Well if the FS is taking care of deduplication NC doesn’t need to be aware of the FS layout.
UserA and UserB upload the same file to their spaces, the FS detects the duplicate and creates a kind of soft link. A bit simplified: only one file actually consumes disk space.
Both users (and NC) access their files unknowingly there has been some disk space saved. If one file gets modified by one user, (depending on the deduplication mode) the FS creates a copy of the one existing file and out of the sudden two files exist. Or: only the modified block of that file is copied to the disk and there is still disk space saved.
Deduplication
We have another way to save disk in conjunction with compression, and that is deduplication. Now, there are three main types of deduplication: file, block, and byte. File deduplication is the most performant and least costly on system resources. Each file is hashed with a cryptographic hashing algorithm, such as SHA-256. If the hash matches for multiple files, rather than storing the new file on disk, we reference the original file in the metadata. This can have significant savings, but has a serious drawback. If a single byte changes in the file, the hashes will no longer match. This means we can no longer reference the whole file in the filesystem metadata. As such, we must make a copy of all the blocks to disk. For large files, this has massive performance impacts.

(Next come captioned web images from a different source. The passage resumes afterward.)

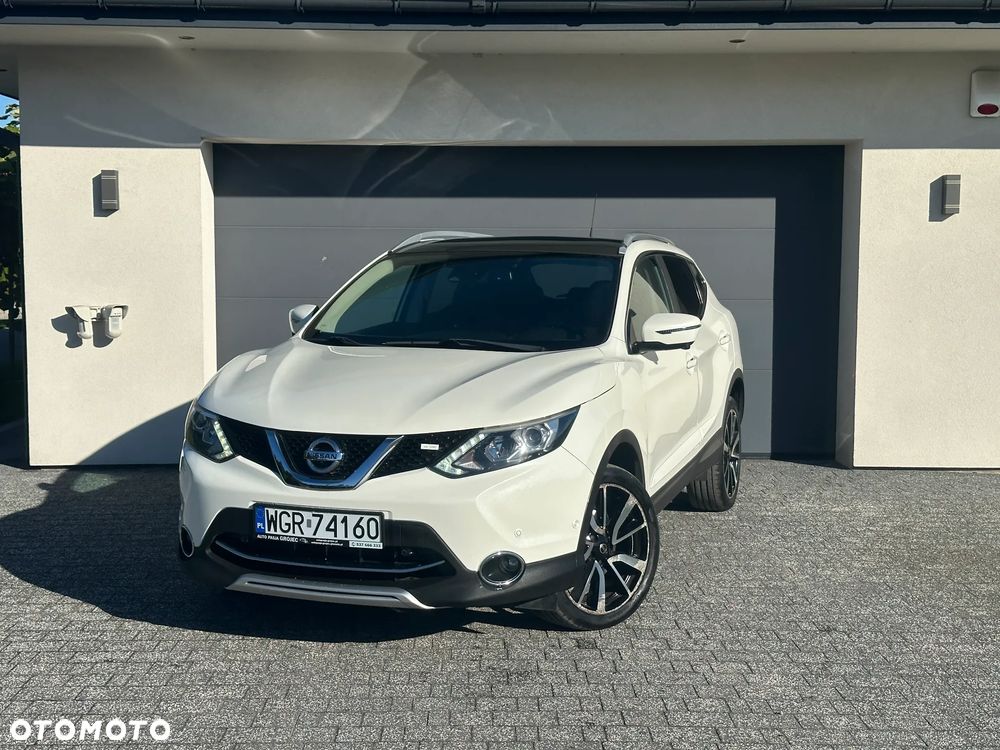 Nissan Qashqai 1.6 DIG-T TEKNA+ - 1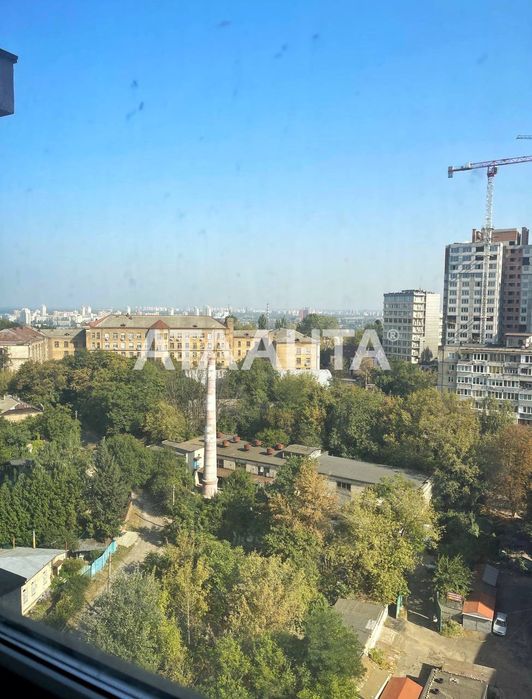 Продається 1 кімната квартира у сучасному ЖК Багговутівський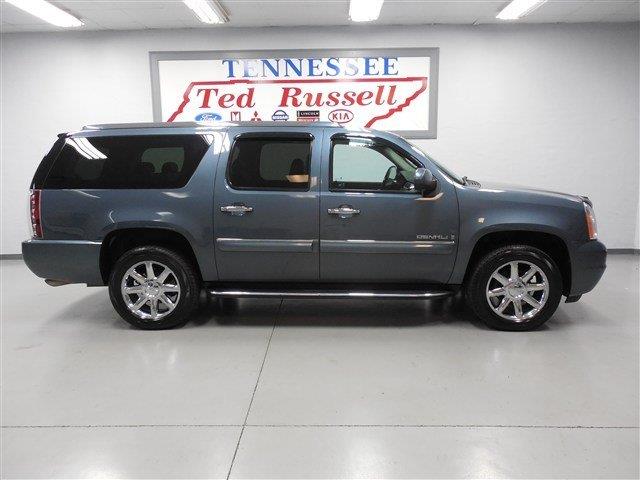 GMC Yukon XL 2008 photo 2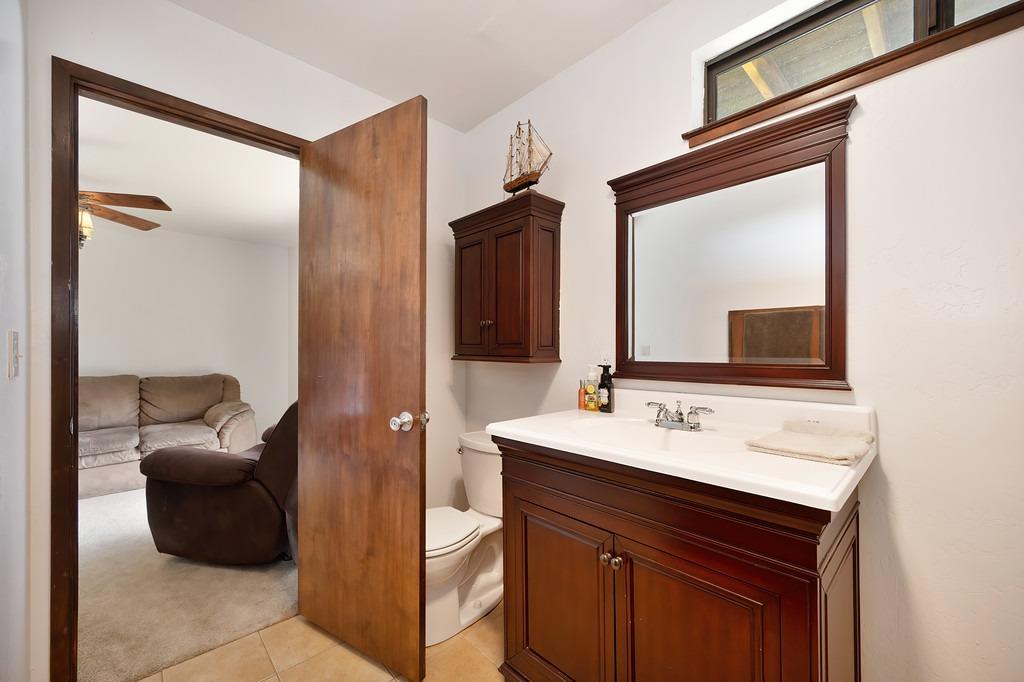 Detail Gallery Image 28 of 70 For 2151 Sweetwater Trl, Cool,  CA 95614 - 4 Beds | 2 Baths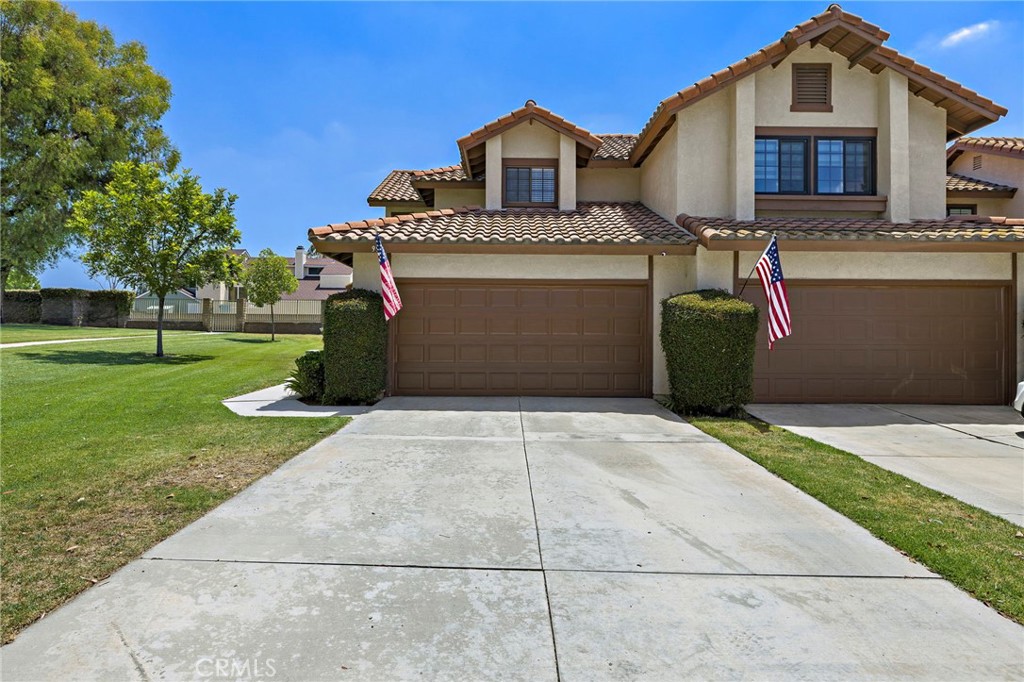 990 La Paz Road 49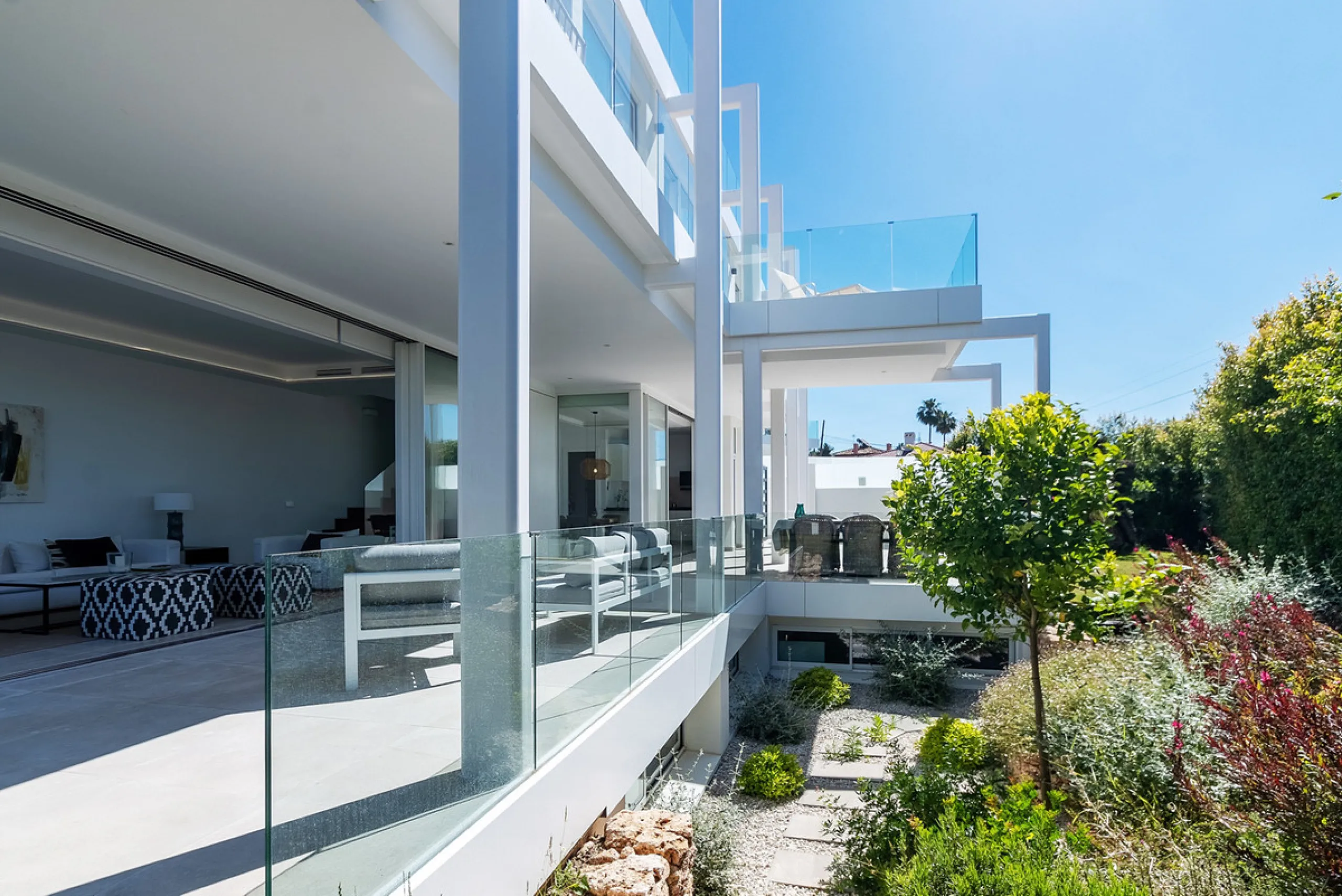 Discover luxury and exclusivity in stunning villa located in the prestigious Paseo de Los Jazmines, corner with Rosonva de Valdeolletas street, on the wonderful Costa del Sol. These eight architectural jewels offer unmatched views of the sea and the Monte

On the extreme other side of the spectrum, we have byte deduplication. This deduplication method is the most expensive, because you must keep “anchor points” to determine where regions of deduplicated and unique bytes start and end. After all, bytes are bytes, and without knowing which files need them, it’s nothing more than a sea of data. This sort of deduplication works well for storage where a file may be stored multiple times, even if it’s not aligned under the same blocks, such as mail attachments.
In the middle, we have block deduplication. ZFS uses block deduplication only. Block deduplication shares all the same blocks in a file, minus the blocks that are different. This allows us to store only the unique blocks on disk, and reference the shared blocks in RAM. It’s more efficient than byte deduplication, and more flexible than file deduplication. However, it has a drawback- it requires a great deal of memory to keep track of which blocks are shared, and which are not. However, because filesystems read and write data in block segments, it makes the most sense to use block deduplication for a modern filesystem.
The shared blocks are stored in what’s called a “deduplication table”. The more duplicated blocks on the filesystem, the larger this table will grow. Every time data is written or read, the deduplication table is referenced. This means you want to keep the ENTIRE deduplication table in fast RAM. If you do not have enough RAM, then the table will spill over to disk. This can have massive performance impacts on your storage, both for reading and writing data.
Sure, for backups to another disk (and FS) you require the “real” storage amount to save the files multiple times.
But what I’m actually saying is: Implementing deduplication in Nextcloud will take quite some time and will not come in the next two major releases probably. And if deduplication is urgently required, the FS feature is a quick solution and maybe a good compromise.